** MATERIAL SUPPLIED **
◇ ◇ ◇ ◇
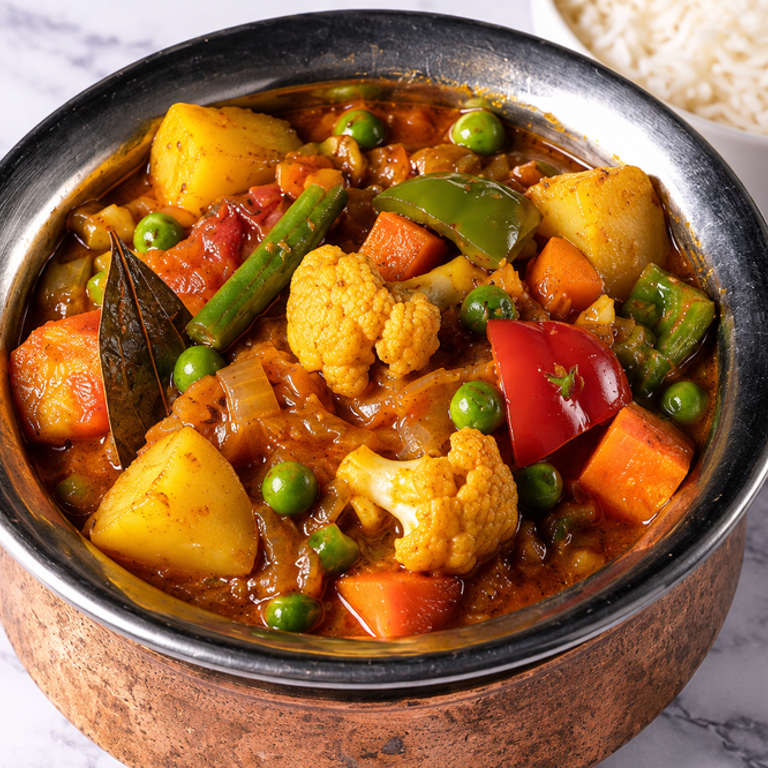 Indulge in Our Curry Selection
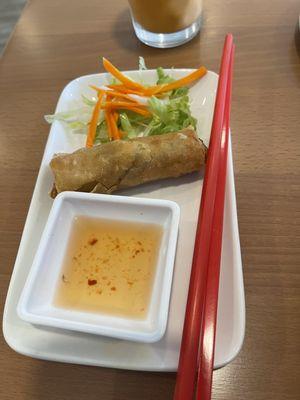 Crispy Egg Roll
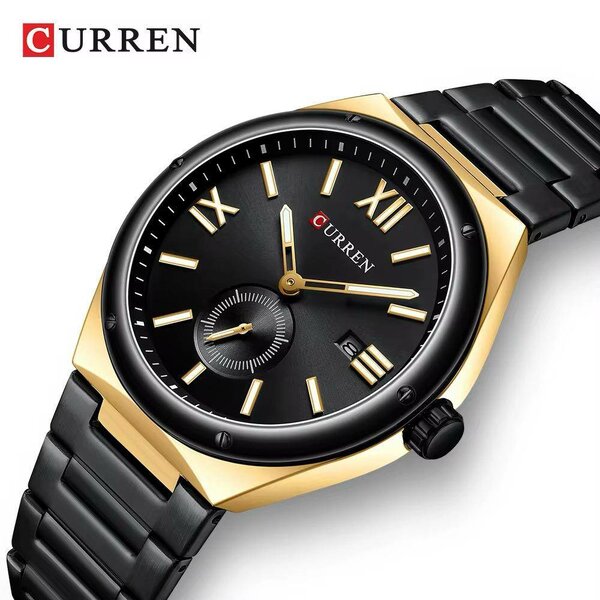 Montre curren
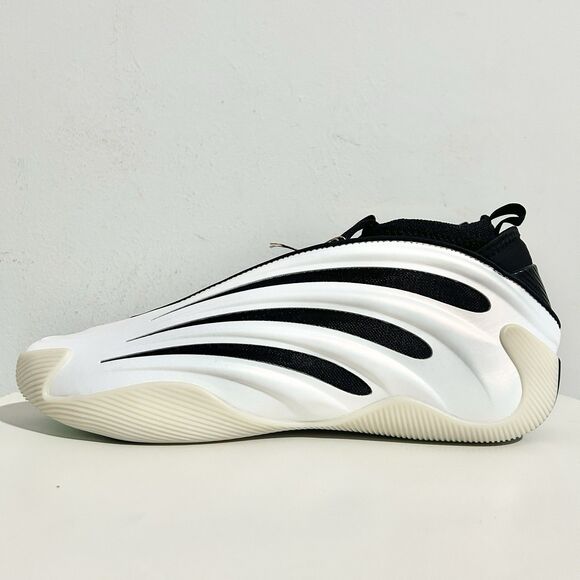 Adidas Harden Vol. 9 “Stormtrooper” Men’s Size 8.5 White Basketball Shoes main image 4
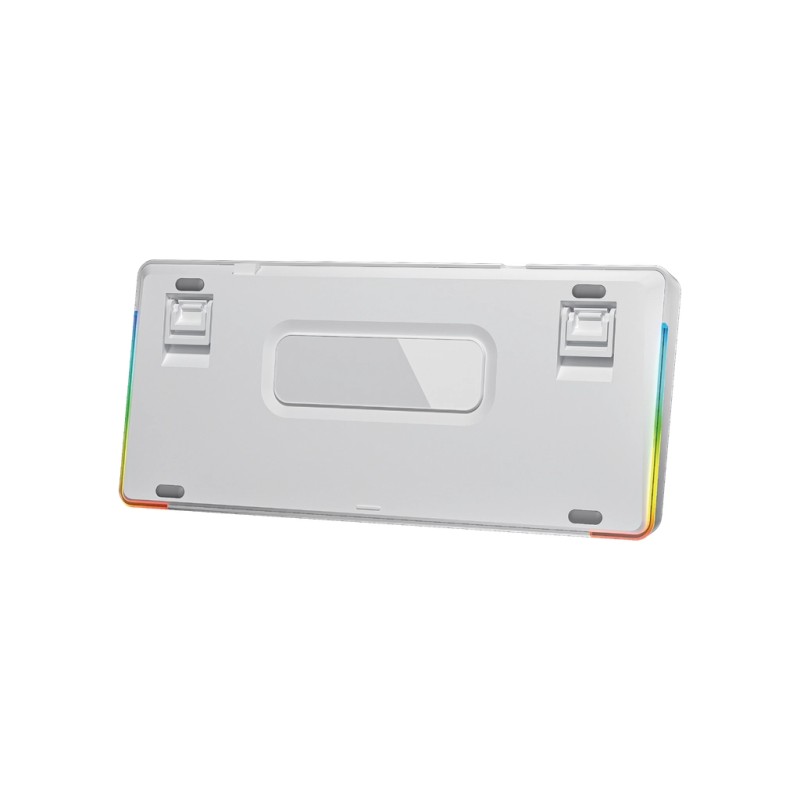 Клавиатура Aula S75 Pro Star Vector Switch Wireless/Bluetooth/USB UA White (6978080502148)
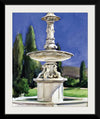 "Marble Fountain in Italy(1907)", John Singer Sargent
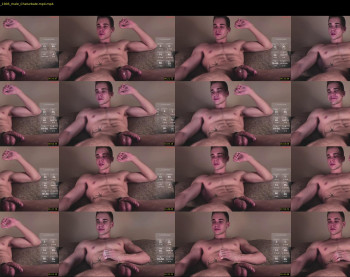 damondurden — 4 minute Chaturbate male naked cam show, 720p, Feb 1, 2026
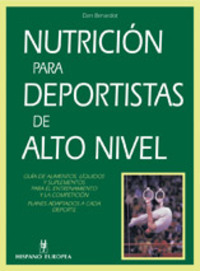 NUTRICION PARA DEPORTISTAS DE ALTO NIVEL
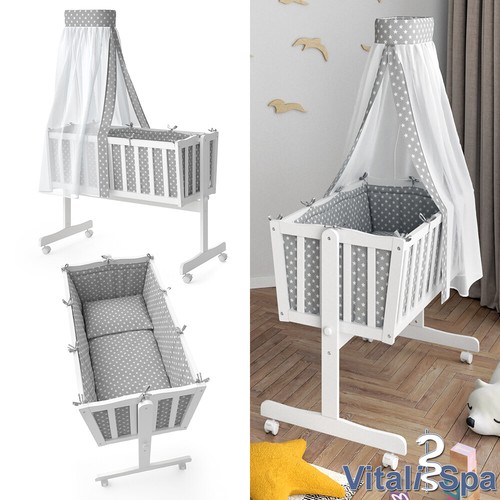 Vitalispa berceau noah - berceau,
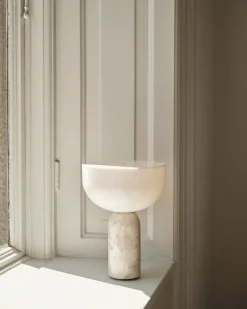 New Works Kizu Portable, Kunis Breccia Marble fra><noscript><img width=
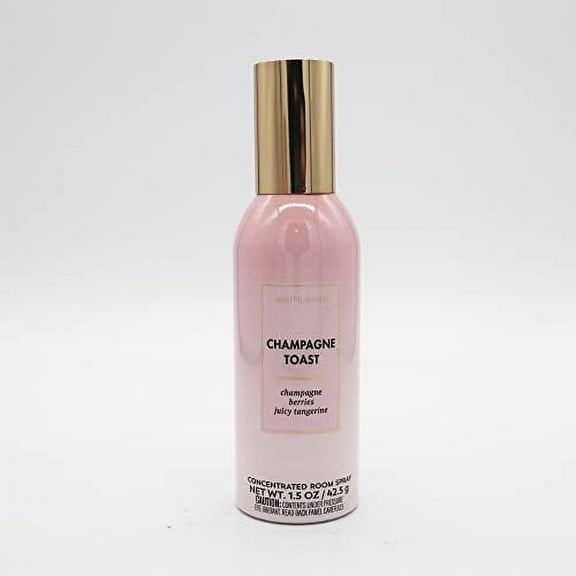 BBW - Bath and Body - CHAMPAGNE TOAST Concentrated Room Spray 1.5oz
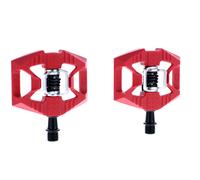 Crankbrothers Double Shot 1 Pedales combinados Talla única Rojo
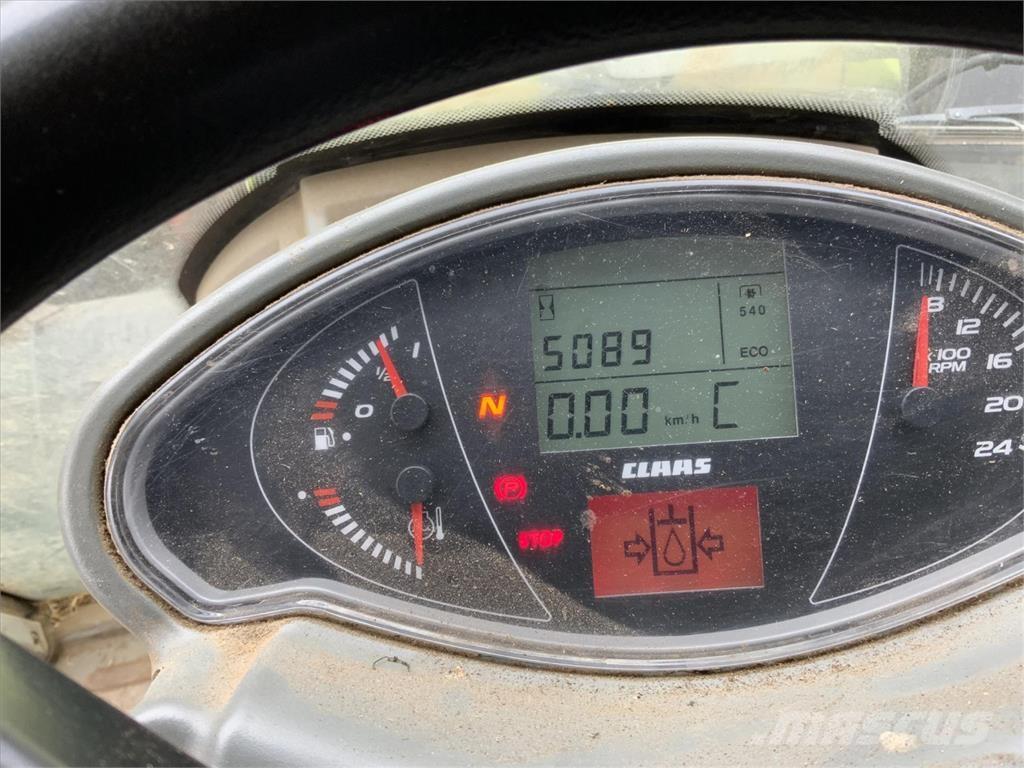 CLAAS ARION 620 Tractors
◇ ◇ ◇ ◇
** TASK REQUIREMENTS **
Your answer must be an exact copy of the lines from the one with "Vitalispa berceau noah" through the final line of the data, both included, without any pictures.

** RESULT OF THIS TASK **
 Vitalispa berceau noah - berceau,
 New Works Kizu Portable, Kunis Breccia Marble fra><noscript><img width=
 BBW - Bath and Body - CHAMPAGNE TOAST Concentrated Room Spray 1.5oz
 Crankbrothers Double Shot 1 Pedales combinados Talla única Rojo
 CLAAS ARION 620 Tractors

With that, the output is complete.